I was sitting in my office plugging away at my work, when I got an email from our HR specialist telling me and the 60+ other people in my office that in a week we would be required to take a 2.5 day class on leadership essentials. There was no warning, there was no flexibility on scheduling, there was no consideration for critical short-term tasks associated with our projects, and worst of all, there was no consideration for who should be taking the class. It was peanut-butter spread across the entire organization and every person had to take it. It was an attack on our personal choice of how we could use our time.
As someone who values my time greatly, I took this personally.
I realize there are people with far more leadership experience than me, but as an engineer I would say I have far more experience and leadership training than my job requires. Last year I left a position managing a team of 11 engineers that were in charge of supporting half a billion dollars worth of products in the field. In that role, I voluntarily took many leadership courses so I could be my best in the job. After awhile I left that job because I no longer wanted to lead – it just wasn’t fun for me. But when this new leadership class was rolled out, no one asked me whether I needed the course, and no one asked whether I had a desire to lead. It gets worse in that I’m one of the few people in the office currently facing critical short-term milestones on a program with a key customer – and now I would have to either work more hours or fail in my project.
Obviously, you can see where this is going. I had to sit in a classroom for 2.5 days straight, then go home and work all night on my customer project in order to stay on schedule. During each classroom break, and after each day of class, everyone complained about how boring and worthless the course was – but what shocked me was the general consensus of my salary paid peers who collectively came to the same conclusion of: “Oh well, I still get paid the same. If they want to waste their money on this, so be it.” In hindsight it shouldn’t have shocked me, because this is how the average salary man thinks: they trade their time for money. When they do this, they willingly give up control of that time and how it’s used by the company is of no concern of theirs. To me, this is a sad way to approach anything, especially something that will control much of your life from age 22 to 65 for the average person.

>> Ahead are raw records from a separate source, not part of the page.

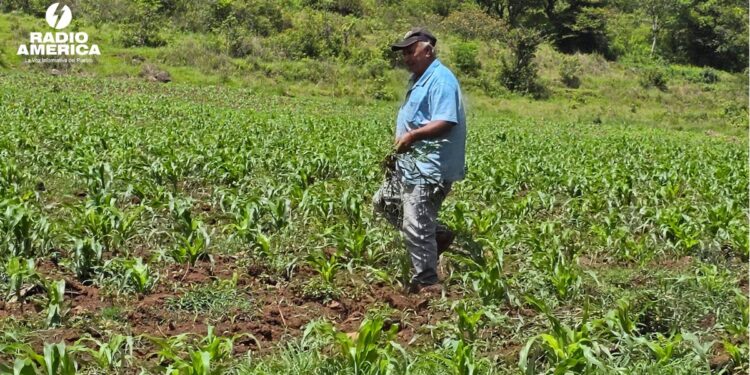 Importar granos no es solución contra la inseguridad alimentaria en Honduras, dice experto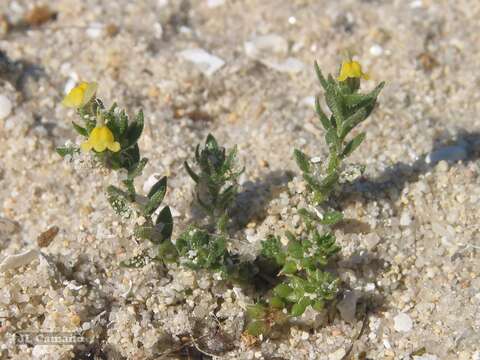 Image of Linaria arenaria DC.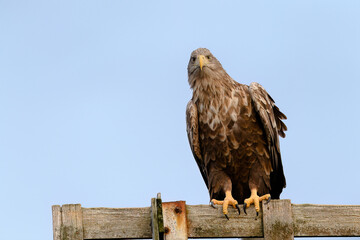 White-tailed eagle (Haliaeetus albicilla) with catch in Flatanger, Trøndelag, Norway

This is where I (and most of the readers here) differ in thought process as compared to most of the working class – we value our time enough to consider what is worth doing and what isn’t, and we take offense to being forced to do anything that isn’t valuable to ourselves, or friends and family, or the world at large. We see the world as an opportunity for adventure, challenges, leisure, and fun – but those things are only possible when we control our time.
I know I’ve talked a lot about “early retirement” on this site, but the purpose of this post isn’t just about that. There are many ways to strive towards escaping the golden handcuffs that a salary has on you. Early retirement is obviously a pretty ideal scenario, but more importantly, it’s a reminder of the benefits of driving down expenses and having an aggressive savings plan. Look at it this way, if you save 75% of your income, then each year you work allows for up to 3 years of unemployment. This gives you back control:
- You can take a lower paying job if your current job is unfulfilling to you.
- You can make decisions that go against the grain, even at the risk of making your employer angry and, worst case, being let go.
- You can take risks at your job that others are afraid to make, giving you a leg up on the competition
- You can leave paid employment altogether, and start your own gig with several years of buffer to get things rolling.
As I see it, the further you get ahead with your savings, the more you control your time. Saving for an early retirement may be the end goal with total control of your time, but saving towards and early retirement is an incremental path with incremental benefits, and the path can can start at any time. So whether you are almost there like me, or you’re 55 and only now beginning to save, or you are 21 and about to start your first job – the opportunity is there to begin taking control.